### Your instructions
Search the listing below for the line containing "Glavna fotografija članka:(FOTO)". From there through the line containing "Các mẫu súng", transcribe every line exactly, both ends included.

■ ■ ■ ■ ■ ■ ■

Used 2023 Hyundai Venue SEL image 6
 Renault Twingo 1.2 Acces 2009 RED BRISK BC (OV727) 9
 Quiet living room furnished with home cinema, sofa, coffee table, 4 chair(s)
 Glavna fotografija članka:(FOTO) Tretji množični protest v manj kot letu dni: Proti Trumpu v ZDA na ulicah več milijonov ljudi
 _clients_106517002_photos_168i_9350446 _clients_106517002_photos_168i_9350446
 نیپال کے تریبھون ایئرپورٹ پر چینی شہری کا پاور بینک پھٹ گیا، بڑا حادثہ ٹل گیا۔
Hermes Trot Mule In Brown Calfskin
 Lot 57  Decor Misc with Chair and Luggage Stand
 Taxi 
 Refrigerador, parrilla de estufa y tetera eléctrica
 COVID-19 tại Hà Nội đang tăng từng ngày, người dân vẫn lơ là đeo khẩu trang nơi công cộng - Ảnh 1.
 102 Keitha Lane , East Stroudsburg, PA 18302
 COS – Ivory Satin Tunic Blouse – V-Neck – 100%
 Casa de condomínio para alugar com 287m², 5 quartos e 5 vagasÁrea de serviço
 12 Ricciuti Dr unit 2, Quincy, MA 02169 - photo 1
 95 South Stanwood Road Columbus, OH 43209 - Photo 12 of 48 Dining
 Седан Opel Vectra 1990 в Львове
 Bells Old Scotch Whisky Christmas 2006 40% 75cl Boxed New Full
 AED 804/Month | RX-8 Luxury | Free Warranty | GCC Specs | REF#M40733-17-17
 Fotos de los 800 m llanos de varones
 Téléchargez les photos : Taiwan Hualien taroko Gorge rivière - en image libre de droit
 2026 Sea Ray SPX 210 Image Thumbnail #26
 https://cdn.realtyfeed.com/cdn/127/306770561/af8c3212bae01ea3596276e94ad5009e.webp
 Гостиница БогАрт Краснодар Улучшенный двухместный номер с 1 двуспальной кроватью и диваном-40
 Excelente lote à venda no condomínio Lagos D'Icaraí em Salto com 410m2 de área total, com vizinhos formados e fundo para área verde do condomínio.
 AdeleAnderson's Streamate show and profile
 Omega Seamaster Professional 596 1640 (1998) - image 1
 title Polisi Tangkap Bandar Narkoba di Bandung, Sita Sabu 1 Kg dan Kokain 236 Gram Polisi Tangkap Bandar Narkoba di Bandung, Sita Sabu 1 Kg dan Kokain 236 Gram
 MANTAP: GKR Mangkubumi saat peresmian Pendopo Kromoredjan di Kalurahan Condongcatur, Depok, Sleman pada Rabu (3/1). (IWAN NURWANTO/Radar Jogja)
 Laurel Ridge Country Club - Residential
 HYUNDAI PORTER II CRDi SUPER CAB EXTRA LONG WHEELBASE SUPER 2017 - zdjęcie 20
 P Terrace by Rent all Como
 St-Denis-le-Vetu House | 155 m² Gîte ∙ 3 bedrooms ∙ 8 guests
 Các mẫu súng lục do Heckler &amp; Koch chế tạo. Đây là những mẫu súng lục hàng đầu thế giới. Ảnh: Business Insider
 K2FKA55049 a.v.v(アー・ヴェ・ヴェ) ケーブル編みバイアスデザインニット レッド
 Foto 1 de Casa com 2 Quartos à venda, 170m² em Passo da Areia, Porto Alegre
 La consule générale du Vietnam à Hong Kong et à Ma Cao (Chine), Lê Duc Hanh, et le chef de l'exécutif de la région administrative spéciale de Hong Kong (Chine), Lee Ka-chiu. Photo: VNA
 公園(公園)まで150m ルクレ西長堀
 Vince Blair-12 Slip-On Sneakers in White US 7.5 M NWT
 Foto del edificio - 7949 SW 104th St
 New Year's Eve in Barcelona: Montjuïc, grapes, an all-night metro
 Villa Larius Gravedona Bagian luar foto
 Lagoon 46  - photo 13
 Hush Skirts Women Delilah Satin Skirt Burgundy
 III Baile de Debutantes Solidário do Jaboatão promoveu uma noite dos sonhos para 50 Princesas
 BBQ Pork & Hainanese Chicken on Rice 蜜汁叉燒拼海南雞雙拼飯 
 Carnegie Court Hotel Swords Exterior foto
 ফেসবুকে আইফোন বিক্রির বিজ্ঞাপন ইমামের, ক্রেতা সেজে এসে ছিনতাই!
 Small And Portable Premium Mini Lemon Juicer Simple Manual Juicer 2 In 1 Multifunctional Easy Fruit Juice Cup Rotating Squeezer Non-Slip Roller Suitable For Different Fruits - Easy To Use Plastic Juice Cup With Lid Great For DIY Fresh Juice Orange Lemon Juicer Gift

■ ■ ■ ■ ■ ■ ■

### Exercise response
 Glavna fotografija članka:(FOTO) Tretji množični protest v manj kot letu dni: Proti Trumpu v ZDA na ulicah več milijonov ljudi
 _clients_106517002_photos_168i_9350446 _clients_106517002_photos_168i_9350446
 نیپال کے تریبھون ایئرپورٹ پر چینی شہری کا پاور بینک پھٹ گیا، بڑا حادثہ ٹل گیا۔
Hermes Trot Mule In Brown Calfskin
 Lot 57  Decor Misc with Chair and Luggage Stand
 Taxi 
 Refrigerador, parrilla de estufa y tetera eléctrica
 COVID-19 tại Hà Nội đang tăng từng ngày, người dân vẫn lơ là đeo khẩu trang nơi công cộng - Ảnh 1.
 102 Keitha Lane , East Stroudsburg, PA 18302
 COS – Ivory Satin Tunic Blouse – V-Neck – 100%
 Casa de condomínio para alugar com 287m², 5 quartos e 5 vagasÁrea de serviço
 12 Ricciuti Dr unit 2, Quincy, MA 02169 - photo 1
 95 South Stanwood Road Columbus, OH 43209 - Photo 12 of 48 Dining
 Седан Opel Vectra 1990 в Львове
 Bells Old Scotch Whisky Christmas 2006 40% 75cl Boxed New Full
 AED 804/Month | RX-8 Luxury | Free Warranty | GCC Specs | REF#M40733-17-17
 Fotos de los 800 m llanos de varones
 Téléchargez les photos : Taiwan Hualien taroko Gorge rivière - en image libre de droit
 2026 Sea Ray SPX 210 Image Thumbnail #26
 https://cdn.realtyfeed.com/cdn/127/306770561/af8c3212bae01ea3596276e94ad5009e.webp
 Гостиница БогАрт Краснодар Улучшенный двухместный номер с 1 двуспальной кроватью и диваном-40
 Excelente lote à venda no condomínio Lagos D'Icaraí em Salto com 410m2 de área total, com vizinhos formados e fundo para área verde do condomínio.
 AdeleAnderson's Streamate show and profile
 Omega Seamaster Professional 596 1640 (1998) - image 1
 title Polisi Tangkap Bandar Narkoba di Bandung, Sita Sabu 1 Kg dan Kokain 236 Gram Polisi Tangkap Bandar Narkoba di Bandung, Sita Sabu 1 Kg dan Kokain 236 Gram
 MANTAP: GKR Mangkubumi saat peresmian Pendopo Kromoredjan di Kalurahan Condongcatur, Depok, Sleman pada Rabu (3/1). (IWAN NURWANTO/Radar Jogja)
 Laurel Ridge Country Club - Residential
 HYUNDAI PORTER II CRDi SUPER CAB EXTRA LONG WHEELBASE SUPER 2017 - zdjęcie 20
 P Terrace by Rent all Como
 St-Denis-le-Vetu House | 155 m² Gîte ∙ 3 bedrooms ∙ 8 guests
 Các mẫu súng lục do Heckler &amp; Koch chế tạo. Đây là những mẫu súng lục hàng đầu thế giới. Ảnh: Business Insider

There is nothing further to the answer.